7E1. State the three motivating criteria that define information entropy. Try to express each in your own words.

Answer.

  1. The change in an uncertainty metric (entropy) should be continuous as the distribution probabilities change continuously.

  2. An uncertainty metric should increase as the number of events increases. For example, we intuitively expect more uncertainty from a roll of a die than from flipping a coin.

  3. Our uncertainty metric (or information metric) should increase additively when two distributions are combined.

See also Entropy (information theory) - Alternate characterization and Information content.

7E2. Suppose a coin is weighted such that, when it is tossed and lands on a table, it comes up heads 70% of the time. What is the entropy of this coin?

Answer. In nats:

p <- c(0.7, 0.3)
display(-sum(p * log(p)))
0.610864302054894

7E3. Suppose a four-sided die is loaded such that, when tossed onto a table, it shows “1” 20%, “2” 25%, ”3” 25%, and ”4” 30% of the time. What is the entropy of this die?

Answer. In nats:

p <- c(0.2, 0.25, 0.25, 0.30)
display(-sum(p * log(p)))
1.37622660434455

7E4. Suppose another four-sided die is loaded such that it never shows “4”. The other three sides show equally often. What is the entropy of this die?

Answer. In nats:

p <- c(1 / 3, 1 / 3, 1 / 3)
display(-sum(p * log(p)))
1.09861228866811

ERROR: The medium questions are marked as easy (e.g. 7M1 below is marked 7E1) in VitalSource.

7M1. Write down and compare the definitions of AIC and WAIC. Which of these criteria is most general? Which assumptions are required to transform the more general criterion into a less general one?

Answer.
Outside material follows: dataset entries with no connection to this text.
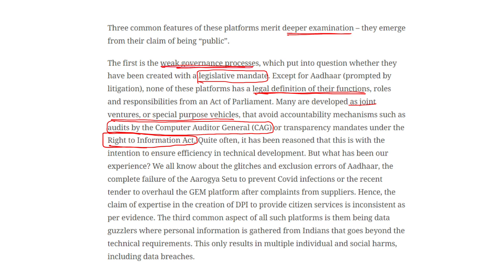The third common aspect of all such platforms is that they are data guzzlers — meaning they collect enormous amounts of data that go beyond technical requirements. This only results in multiple individual and social harms including data breaches. Hence, the claim of expertise in the creation of DPI to provide citizen services is inconsistent with the evidence, as on one hand they claim to enhance services, but on the other hand data is being leaked and citizens are rendered vulnerable.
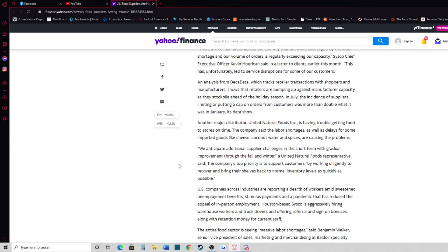Another major distributor, United Natural Foods Incorporated, is having trouble getting food to the stores on time. The company said the labor shortages as well as delays for some imported goods like cheese, coconut water, and spices are causing the problems.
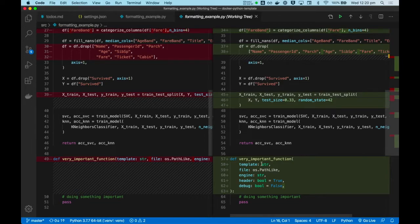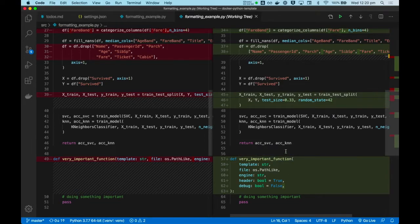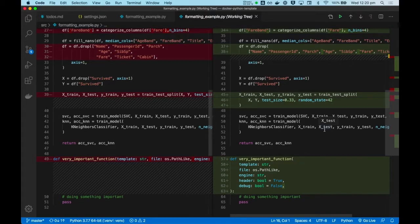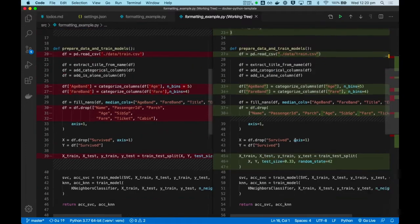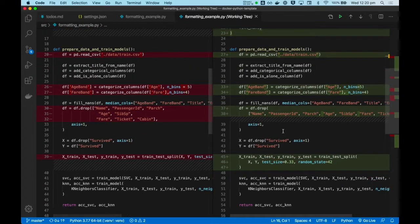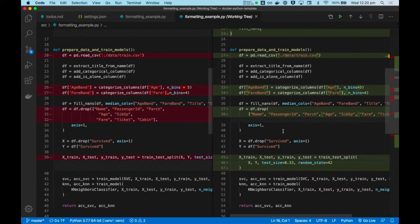And you can even configure your IDE to format on save, so that with every save, every file is continuously being polished and kept in a neat and consistent state. So let's see how you can configure your IDE to format on save.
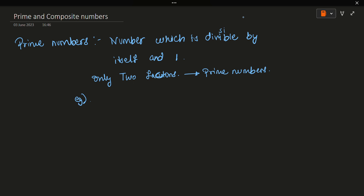Some examples of prime numbers are: 2, 3, 5, 7, 11, 13, 17, 19, and so on. Numbers like 1, 4, 6, 8, and 9 are not selected because they are non-prime numbers.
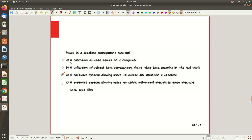If you understand what a database management system is and how it differs from a database, you can answer easily. A collection of data stored on a computer is typically called a database, not DBMS software. A collection of related data is still just a database. DBMS is a software system that allows users to create and maintain the actual database. Option D mentions web portal interfaces, which is unrelated — DBMS is specifically for creating and maintaining databases.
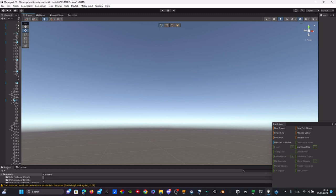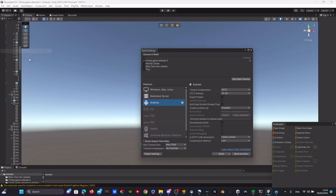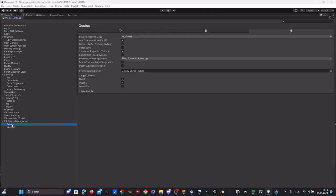I'm going to show you how to add a loading screen in your Gorillatech fan game. First, you want to go to File, go to Build Settings, go to Player Settings, go to Oculus.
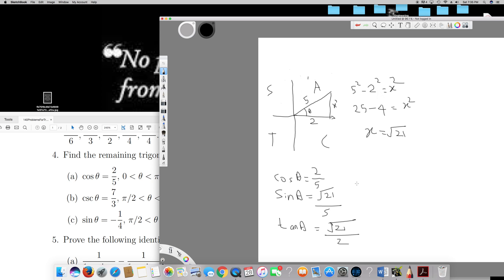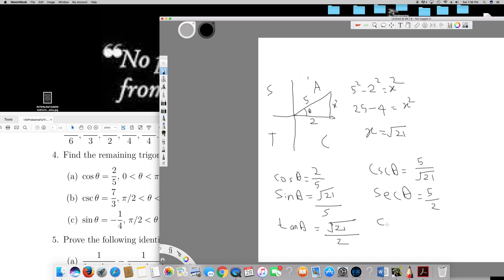Cosec theta is the reciprocal of sine theta, so cosec theta is 5 over root 21. Sec theta is the reciprocal of cos theta, which is 5 over 2. And cot theta is 2 over root 21. This is the answer for part A.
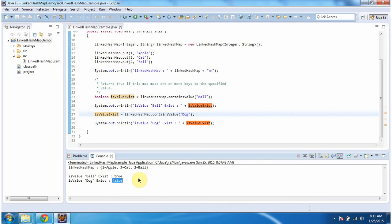And that's about the contains-value method of LinkedHashMap. Thanks for watching.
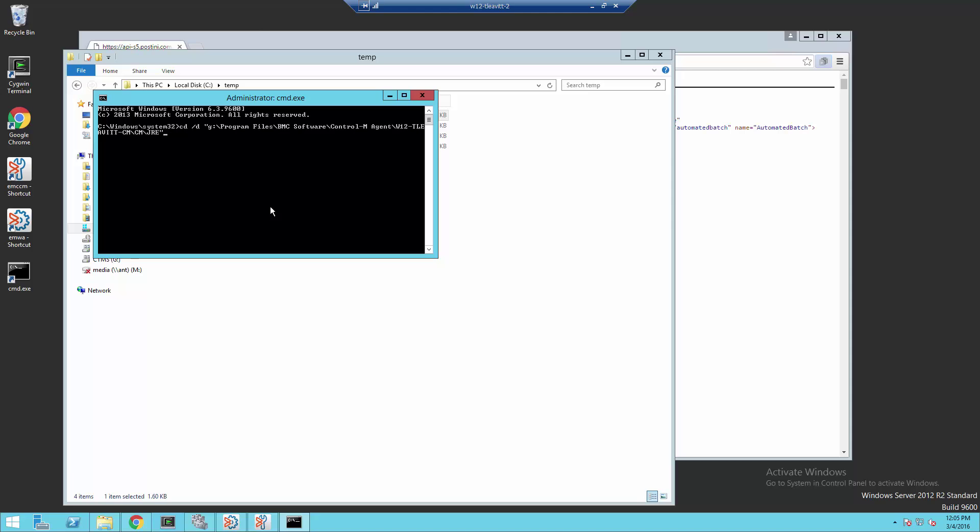In this case, I'm using the JRE for the Control-M for Web Services, Java, and Messaging, which has its JRE located under the agent install in CMJRE. If you were importing the certificates for another product, you would use its JRE accordingly.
The formulas:

\[\begin{split} \begin{align} AIC = D_{train} + 2p = -2lppd + 2p & = -2(lppd - p) \\ WAIC(y, \Theta) & = -2\bigl(lppd - \sum_i var_\theta (log (p(y_i|\theta)))\bigr) \end{align} \end{split}\]

WAIC is more general; we can transform it into AIC if we assume the penalty term i.e. effective number of parameters is equal p.

7M2. Explain the difference between model selection and model comparison. What information is lost under model selection?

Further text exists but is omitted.